Both initiatives follow recommendations from a working group established by President Trump to support the cryptocurrency industry and also respond to public feedback. Jones stated that these recommendations echo views already held by some stakeholders of the FASB.
Jones said he did not feel pressured to adopt the recommendations of the task force.
"I am certainly pleased that they believe the way to resolve accounting issues is to submit these proposed topics to the FASB for evaluation," Jones said. "They did not suggest pushing for legislation to address accounting issues, nor did they suggest having the SEC step in to set the tone for accounting treatment."
The SEC is responsible for enforcing the accounting standards established by the FASB for publicly traded companies.
This securities regulator will also closely monitor any adjustments made by the FASB. Kurt Hohl, the SEC's Chief Accountant, stated at a meeting earlier this month: "There are a lot of issues in the crypto space. The challenge is that they don't fit neatly into the existing accounting framework."
Lawmakers and investors occasionally express concerns about the way the FASB establishes its accounting standards. Recently, the organization came under scrutiny from U.S. House Republicans, who suggested that if the FASB did not withdraw an upcoming tax disclosure requirement, its funding should be frozen.
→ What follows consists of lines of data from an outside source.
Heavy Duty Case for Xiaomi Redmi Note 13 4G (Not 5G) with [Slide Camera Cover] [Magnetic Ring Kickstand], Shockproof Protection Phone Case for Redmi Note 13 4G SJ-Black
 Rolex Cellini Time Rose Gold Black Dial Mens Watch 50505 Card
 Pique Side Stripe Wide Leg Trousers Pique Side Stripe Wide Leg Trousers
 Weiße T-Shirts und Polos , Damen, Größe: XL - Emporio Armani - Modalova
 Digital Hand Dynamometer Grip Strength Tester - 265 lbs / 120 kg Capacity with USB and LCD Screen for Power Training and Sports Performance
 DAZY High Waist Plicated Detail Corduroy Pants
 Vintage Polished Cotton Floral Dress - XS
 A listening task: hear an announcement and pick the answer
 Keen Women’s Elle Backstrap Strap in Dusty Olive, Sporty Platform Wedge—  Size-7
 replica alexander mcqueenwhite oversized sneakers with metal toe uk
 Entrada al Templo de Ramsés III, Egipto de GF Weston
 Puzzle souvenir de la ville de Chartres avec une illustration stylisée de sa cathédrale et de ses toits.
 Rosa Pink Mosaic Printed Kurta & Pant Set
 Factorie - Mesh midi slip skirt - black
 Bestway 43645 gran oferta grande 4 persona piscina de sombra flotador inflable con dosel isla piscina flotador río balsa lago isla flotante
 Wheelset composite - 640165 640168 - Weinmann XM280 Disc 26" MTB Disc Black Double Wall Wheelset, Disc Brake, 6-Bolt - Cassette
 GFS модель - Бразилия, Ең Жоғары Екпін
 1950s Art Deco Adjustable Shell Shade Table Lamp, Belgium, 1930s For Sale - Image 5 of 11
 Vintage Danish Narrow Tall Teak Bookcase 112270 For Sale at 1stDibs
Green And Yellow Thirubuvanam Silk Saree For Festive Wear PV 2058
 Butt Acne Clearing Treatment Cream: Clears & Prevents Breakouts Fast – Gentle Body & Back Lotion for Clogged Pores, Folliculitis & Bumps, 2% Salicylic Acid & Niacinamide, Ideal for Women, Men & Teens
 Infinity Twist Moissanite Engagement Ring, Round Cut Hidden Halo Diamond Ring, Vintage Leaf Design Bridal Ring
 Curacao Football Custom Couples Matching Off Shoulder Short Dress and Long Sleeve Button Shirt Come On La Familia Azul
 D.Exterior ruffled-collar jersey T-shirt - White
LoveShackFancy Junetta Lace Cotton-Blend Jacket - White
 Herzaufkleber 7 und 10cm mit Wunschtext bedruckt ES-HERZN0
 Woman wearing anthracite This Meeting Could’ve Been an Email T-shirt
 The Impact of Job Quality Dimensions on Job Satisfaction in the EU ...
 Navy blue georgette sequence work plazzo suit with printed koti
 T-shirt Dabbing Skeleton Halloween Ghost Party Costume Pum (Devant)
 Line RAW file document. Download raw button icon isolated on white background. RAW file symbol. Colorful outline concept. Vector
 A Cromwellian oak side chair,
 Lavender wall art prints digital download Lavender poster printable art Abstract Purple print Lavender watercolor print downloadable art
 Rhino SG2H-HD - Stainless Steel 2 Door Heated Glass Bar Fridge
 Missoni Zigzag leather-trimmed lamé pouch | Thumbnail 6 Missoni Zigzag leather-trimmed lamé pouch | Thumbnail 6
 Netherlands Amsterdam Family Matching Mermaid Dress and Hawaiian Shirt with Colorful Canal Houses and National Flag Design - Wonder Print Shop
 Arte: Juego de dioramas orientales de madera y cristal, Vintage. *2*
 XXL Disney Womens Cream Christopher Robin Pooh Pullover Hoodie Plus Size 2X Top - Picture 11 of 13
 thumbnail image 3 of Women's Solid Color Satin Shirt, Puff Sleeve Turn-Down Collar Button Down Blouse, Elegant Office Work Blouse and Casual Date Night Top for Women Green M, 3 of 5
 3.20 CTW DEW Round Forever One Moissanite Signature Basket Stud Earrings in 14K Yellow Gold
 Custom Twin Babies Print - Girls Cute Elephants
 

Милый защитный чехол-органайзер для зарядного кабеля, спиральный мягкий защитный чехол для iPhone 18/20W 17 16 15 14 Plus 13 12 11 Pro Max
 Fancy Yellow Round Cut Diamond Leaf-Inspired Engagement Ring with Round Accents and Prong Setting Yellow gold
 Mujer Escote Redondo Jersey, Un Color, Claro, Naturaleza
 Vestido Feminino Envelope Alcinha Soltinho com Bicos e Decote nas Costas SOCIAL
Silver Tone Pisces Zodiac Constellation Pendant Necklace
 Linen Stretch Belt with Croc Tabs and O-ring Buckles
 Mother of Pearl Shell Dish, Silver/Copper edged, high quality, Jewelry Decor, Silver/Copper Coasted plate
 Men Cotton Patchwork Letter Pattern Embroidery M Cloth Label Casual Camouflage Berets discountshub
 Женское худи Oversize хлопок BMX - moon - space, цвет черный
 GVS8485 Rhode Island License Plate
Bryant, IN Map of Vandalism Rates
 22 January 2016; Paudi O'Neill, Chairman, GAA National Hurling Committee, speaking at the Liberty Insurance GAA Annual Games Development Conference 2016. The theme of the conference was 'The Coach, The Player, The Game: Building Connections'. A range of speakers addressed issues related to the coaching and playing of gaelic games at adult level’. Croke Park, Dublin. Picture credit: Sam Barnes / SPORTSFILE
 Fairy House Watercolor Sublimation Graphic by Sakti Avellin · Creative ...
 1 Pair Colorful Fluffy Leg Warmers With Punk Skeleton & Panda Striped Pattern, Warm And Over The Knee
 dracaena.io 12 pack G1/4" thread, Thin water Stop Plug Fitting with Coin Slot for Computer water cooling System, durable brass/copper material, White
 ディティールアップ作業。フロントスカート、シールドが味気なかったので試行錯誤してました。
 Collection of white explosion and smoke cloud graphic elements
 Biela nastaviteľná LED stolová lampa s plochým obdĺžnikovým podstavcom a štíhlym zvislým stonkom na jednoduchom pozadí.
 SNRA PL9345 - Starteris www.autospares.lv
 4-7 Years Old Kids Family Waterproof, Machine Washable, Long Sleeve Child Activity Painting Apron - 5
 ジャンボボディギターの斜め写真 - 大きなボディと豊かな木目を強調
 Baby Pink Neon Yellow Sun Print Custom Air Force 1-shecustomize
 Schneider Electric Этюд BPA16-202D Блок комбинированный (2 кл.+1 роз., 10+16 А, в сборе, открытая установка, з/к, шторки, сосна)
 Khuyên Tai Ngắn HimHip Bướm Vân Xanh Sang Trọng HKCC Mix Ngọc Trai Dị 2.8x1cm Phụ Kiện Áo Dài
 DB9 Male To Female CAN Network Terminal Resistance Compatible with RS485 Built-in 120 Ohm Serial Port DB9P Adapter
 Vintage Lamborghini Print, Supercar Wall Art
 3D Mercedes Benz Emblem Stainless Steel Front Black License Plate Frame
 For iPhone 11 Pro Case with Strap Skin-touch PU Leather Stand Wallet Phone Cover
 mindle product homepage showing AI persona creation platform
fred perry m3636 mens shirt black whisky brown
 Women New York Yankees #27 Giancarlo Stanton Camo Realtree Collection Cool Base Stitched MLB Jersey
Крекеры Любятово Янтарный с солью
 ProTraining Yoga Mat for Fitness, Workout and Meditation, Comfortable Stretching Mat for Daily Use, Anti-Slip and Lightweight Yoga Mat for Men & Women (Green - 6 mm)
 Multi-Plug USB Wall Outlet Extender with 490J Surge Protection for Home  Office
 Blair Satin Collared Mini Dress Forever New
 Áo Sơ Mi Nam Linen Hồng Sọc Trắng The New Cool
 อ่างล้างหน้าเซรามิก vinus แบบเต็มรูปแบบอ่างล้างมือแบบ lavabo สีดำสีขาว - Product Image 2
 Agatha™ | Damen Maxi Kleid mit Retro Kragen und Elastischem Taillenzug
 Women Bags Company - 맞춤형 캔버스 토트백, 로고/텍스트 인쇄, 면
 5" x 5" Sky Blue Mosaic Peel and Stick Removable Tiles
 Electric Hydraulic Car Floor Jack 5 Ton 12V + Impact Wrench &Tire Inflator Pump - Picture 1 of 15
Under the new requirement, publicly traded companies are preparing to disclose more detailed information about the income taxes they pay to government agencies in their annual reports for 2025.
Some observers question whether the ownership of crypto assets has become widespread enough to be included on the FASB's agenda. Companies that list Bitcoin on their balance sheets are still few, such as Tesla, Block, and MicroStrategy.
"These new cryptocurrency projects appear to be driven more by current political priorities than by prevalence or other established criteria set by the FASB for initiating projects," said Sandy Peters, head of the Financial Reporting Policy team at the CFA Institute, which represents investment professionals.
However, with the implementation of the "Genius Act" in 2027, newly established regulatory safeguards are expected to reduce the volatility of stablecoins, and interest in stablecoins is anticipated to increase in the market. Peters stated, but without more comprehensive risk disclosures, investors are unlikely to accept stablecoins as cash equivalents.
As the FASB chair, Jones also faces a "countdown clock." His seven-year term is expected to end in June 2027, and the selection of a successor will begin in early 2026.
Jones said that over the remaining 18 months or so, he hopes the committee will initiate and complete an accounting standard on how to distinguish between "liabilities" and "equity." This determination is very complex for certain instruments such as warrants, and both companies and audit firms consider it highly challenging.
Jones stated that the project has not yet been formally added to the agenda, but there is still a chance to complete it within the aforementioned timeframe, as the committee can choose to make "targeted improvements" rather than developing an entirely new model. "I would really like to finish it before I step down," he said.